Introduction

by Jeff Sapp

    Every teacher is a literacy teacher in the sense that they are concerned with the communication of ideas through text.  Consequently, this book is for all educators, because, no matter what age, grade, or subject one teachers, all teachers work from a cornerstone of literacy.


    The articles in chapter one take a historical look at the research on literacy, examining where we started, the studies that have most influenced practices, and the role of research in instructional change.  The authors examine the delicate balances that classroom teachers have to maintain to meet high ecademic standards and inspire and develop a lifelong love of reading in students’ lives.  These first articles are cornerstones that ground the volume in a historical context.


    “No education is politically neutral,” bell hooks (1) once said.  Certainly this is nowhere more evident than in the teaching of reading.  Chapter two focuses on the reading wars - a term so fraught with political, cultural, and social underpinnings that researchers have authored multitudes of volumes to understand its implications.  The articles examine the role of the reading researcher, the scapegoating by policymakers and others outside the field who demand a quick and easy political fix, and the consensus about what actually works in teaching reading.  The articles, in one way or another, ask us all to reflect on a critical question:  Who benefits in regard to the reading wars?


    Chapter three brings together methods that both researchers and practitioners agree work in teaching reading.  The chapter begins with a fascinating article about the pursuit of the illusive perfect method for teaching reading.  John Dewey wrote about the fixation educators have with “either-ors” nearly 70 years ago (2).  Dewey stated that there is experience and then there is education.  For education to be at its best, it needs both the praxis and the action.  Dewey was about pedagogical moderation and balance.  His words still ring true today and nowhere more so than in the politicized arena of literacy.  Researchers and practitioners agree on one thing:  good teachers bring a balanced approach to teaching reading.  In describing what works, this chapter offers some innovative content in the form of articles on brain-compatible learning, theories of human cognition, and the understanding that home culture plays a key role in school success.  Last of all, it offers a global perspective by looking at the research from a nine-country study on how teachers around the world approach teaching students to read.


    Chapter four, which provides an update on where research in the field of emergent literacy has been moving, has a great deal to offer all educators.  Reading instruction is such a large field and involves so many areas that even the experts have a difficult time keeping up with research findings, terminology, theory, and practice.  This comprehensive review of recent research in reading instruction offers what is currently considered state-of-the-art methods, including those that can help struggling readers succeed.

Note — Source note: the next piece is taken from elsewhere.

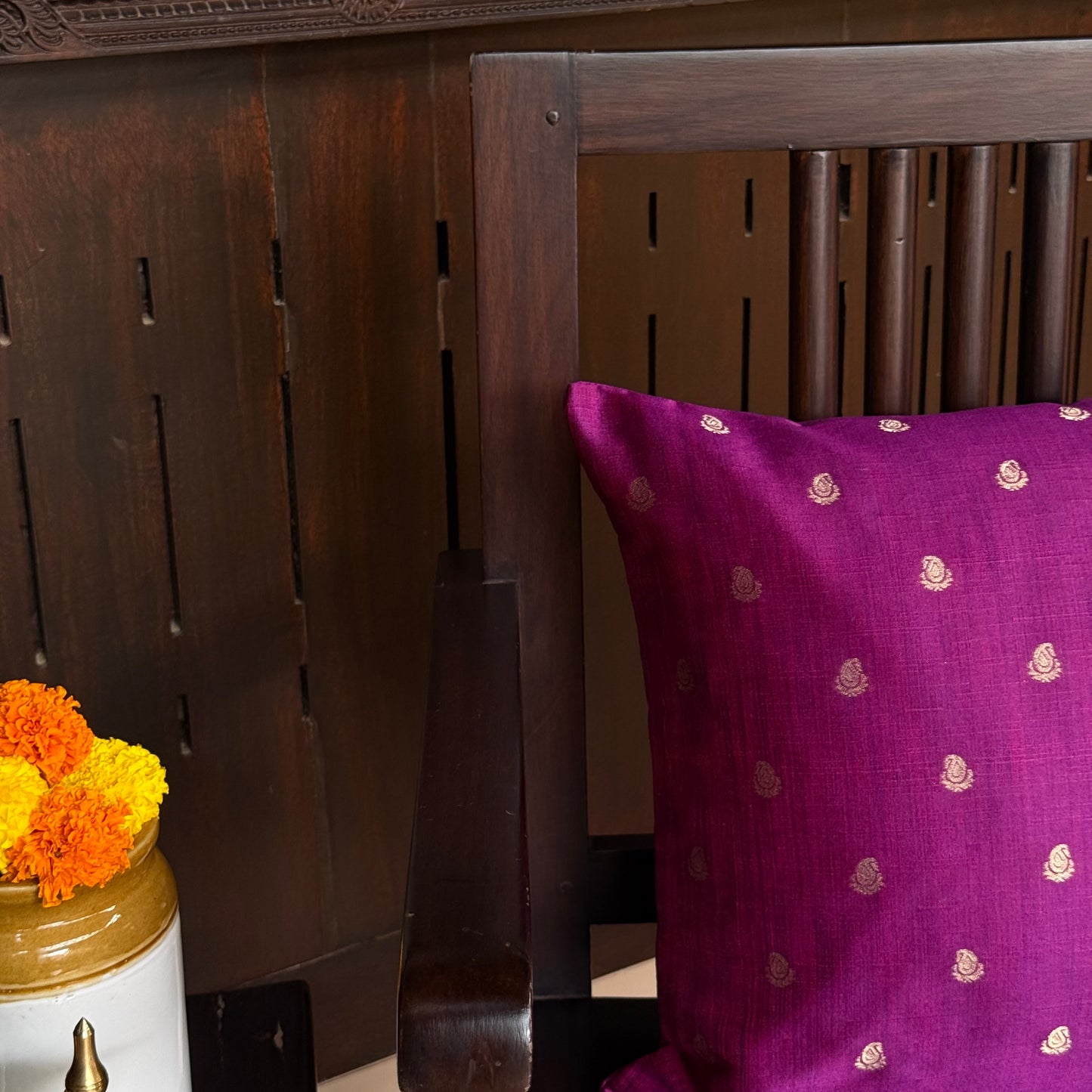 Cushion Cover - Vaadamalli
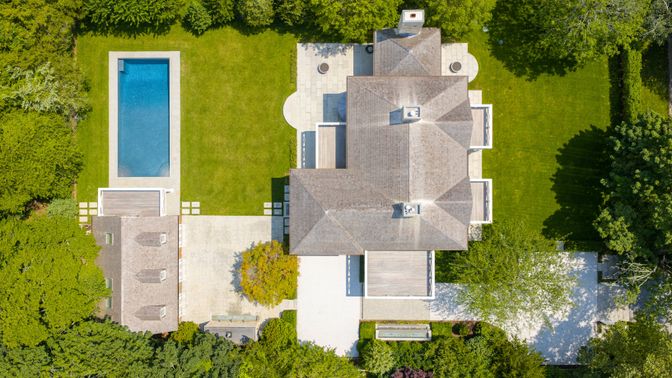 Exterior, Drone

    In their book Literacy:   Reading the Word and the World, Paulo Freire and Donaldo Macedo call for a few of literacy as a form of cultural politics (3).  They believe that literacy “becomes a meaningful construct to the degree that it is viewed as a set of practices that functions to either empower or disempower people” (4).  Chapter five examines “critical literacy” - using language to exercise power and question the practices of privilege and injustice.  If students are to engage in reading and writing, then educators must meet them in their world and be with them in their struggles.  Combining literacy with social justice and empowerment is a way to make reading relevant to students.

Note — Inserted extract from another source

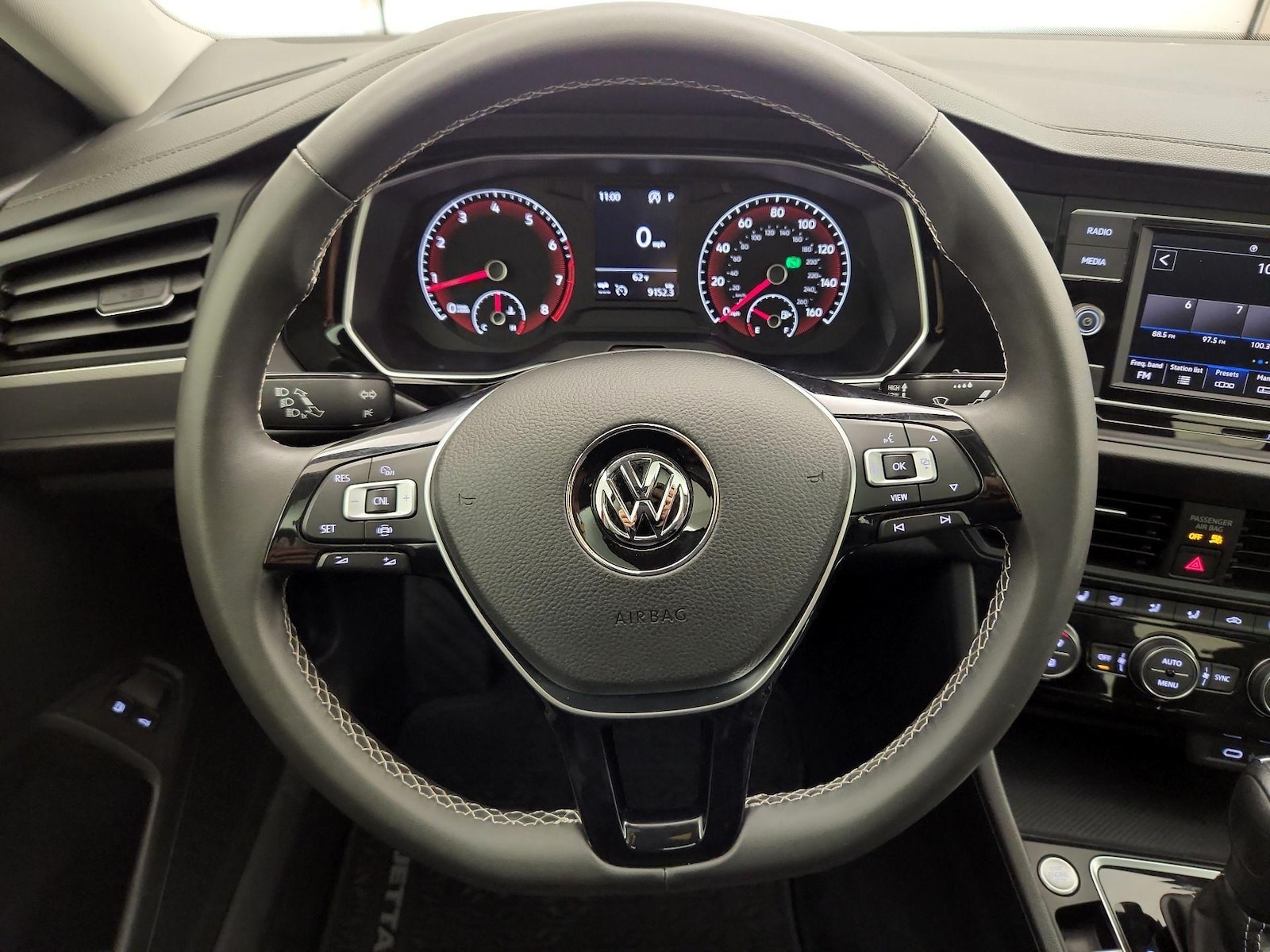 2021 Volkswagen Jetta SE - Photo 11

    When people think of teaching reading, they often think of the early elementary grades.  Yet one survey shows that only 40% of adolescents read well enough to maneuver the standard high school textbook (5).  The articles in chapter six look at a much-neglected field of literacy - secondary reading instruction.  What works?  What doesn’t?  How do teachers help unsuccessful high school students transform themselves into readers?  What are the effective instructive practices that work best for middle and high school students?


    The poet Marge Piercy once wrote, “Attention is love, what we must give children, mothers, fathers, pets, our friends, the news, the woes of others.  What we want to change we curse and the pick up a tool.  Bless whatever you can with eyes and hands and tongue.  If you can’t bless it, get ready to make it anew.”  In a time when the pubic has a pathology about teaching reading, when politicians use literacy as their main election platform, and when teachers’ heads are spinning from the sheer effort of trying to keep up with the policy changes demanded of them, it is indeed time to “pick up a tool and make it anew” (6)  Synthesizing the most current thought and research on this most politicized subject, this volume is offered as one such tool.